July 31, 2009 / 2:14 PM / 10 years ago

China says Xinjiang riot media openness a success

BEIJING (Reuters) - China’s central and regional propaganda offices have concluded that their strategy of media openness following ethnic riots in the far western city of Urumqi was a success, the Xinhua news agency said on Friday.

A militia takes an oath as they line up for a parade in Urumqi, Xinjiang Uigur Autonomous Region, July 28, 2009. REUTERS/China Daily

A central and local task force convened shortly after the July 5 riots, as foreign media flooded in to cover the aftermath of Uighur attacks on Han Chinese in Urumqi following a protest over the deaths of Uighur workers at a factory in south China.

The access for foreign media in Urumqi was in marked contrast to a blanket prohibition on travel to Tibetan areas after last March, when demonstrations across the plateau followed deadly riots in Lhasa on March 14.

“Openness stemmed from confidence, rumors were stopped by truth, by the rapid and wide dissemination of truth,” Wang Zhen, the vice chief of the Communist Party’s Propaganda Department and director of the State Council Information Office, was quoted by Xinhua as saying.

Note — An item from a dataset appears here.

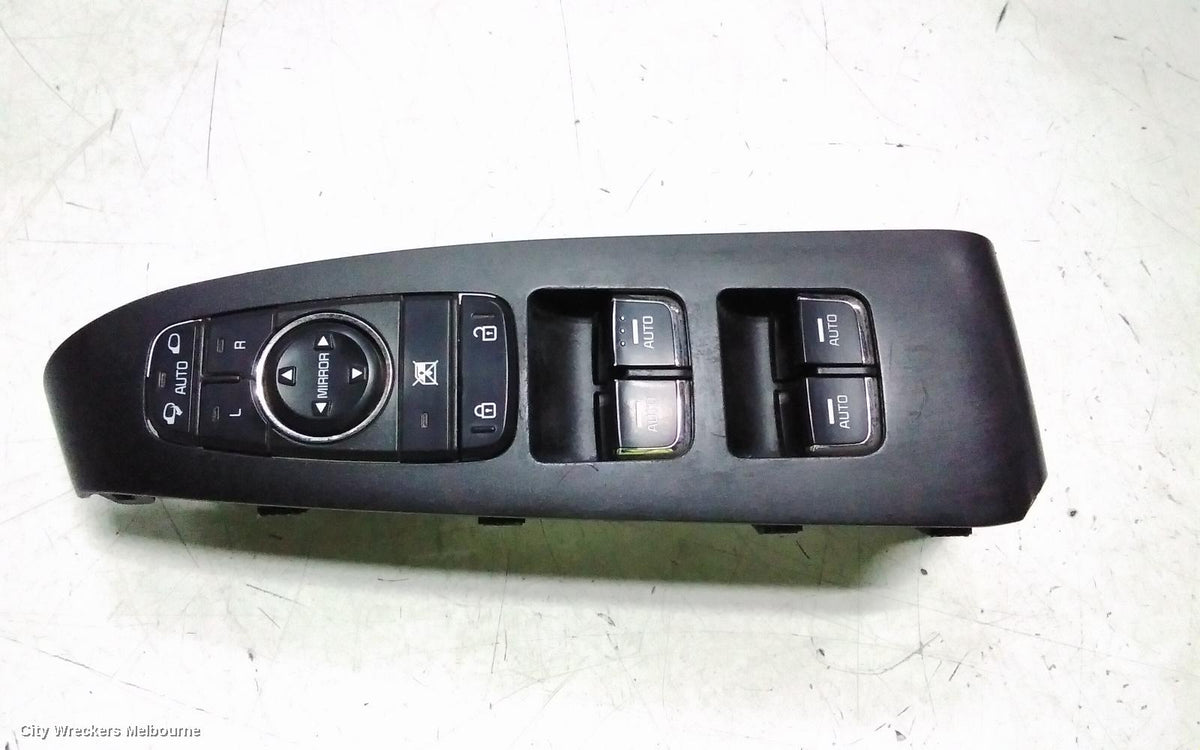 KIA CARNIVAL/GRAND CARNIVAL PWR DR WIND SWITCH, RH FRONT (MASTER SWITCH), W/ AUTO FOLD MIRROR SWITCH, AUTO TYPE (ALL WINDOWS), YP, 12/2014 - 10/2020 - Image 2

Foreign ministry officials have conveyed similar satisfaction about overall media coverage of Xinjiang this month, although individual reporters and media organizations have been scolded for what Chinese officials see as “biased coverage.”

Chinese media and Internet commentators have also accused Western media outlets of bias against China when covering Tibetan or Uighur issues.

The Chinese decision to work with foreign reporters was based in part on the negative coverage of Chinese handling of the Tibetan unrest, as well as on the overwhelmingly sympathetic coverage when nearly all controls on domestic and foreign reporting were lifted after the May 2008 Sichuan earthquake, sources have told Reuters.

In the week after the riots, foreign reporters were largely free to travel and interview in Urumqi, where 197 people died and over 1,000 were injured. Over 1,500 people have been detained, although none has been formally charged.

However, foreign reporters traveling to the historic Uighur city of Kashgar, in the south of Xinjiang, were prevented from leaving hotels and escorted to the airport in the week after the riots. Reporters returning to Xinjiang in July found locals were required to immediately report their presence to authorities.

Some foreign tourists with previously planned trips to Kashgar have also had their flights canceled.

Foreign travelers were barred from any Tibetan areas for most of the remainder of 2008, devastating the region’s tourism industry, and again during the one-year anniversary this March.

Most foreign NGOs working in Lhasa have been forced to leave Tibet since the demonstrations, NGO sources said.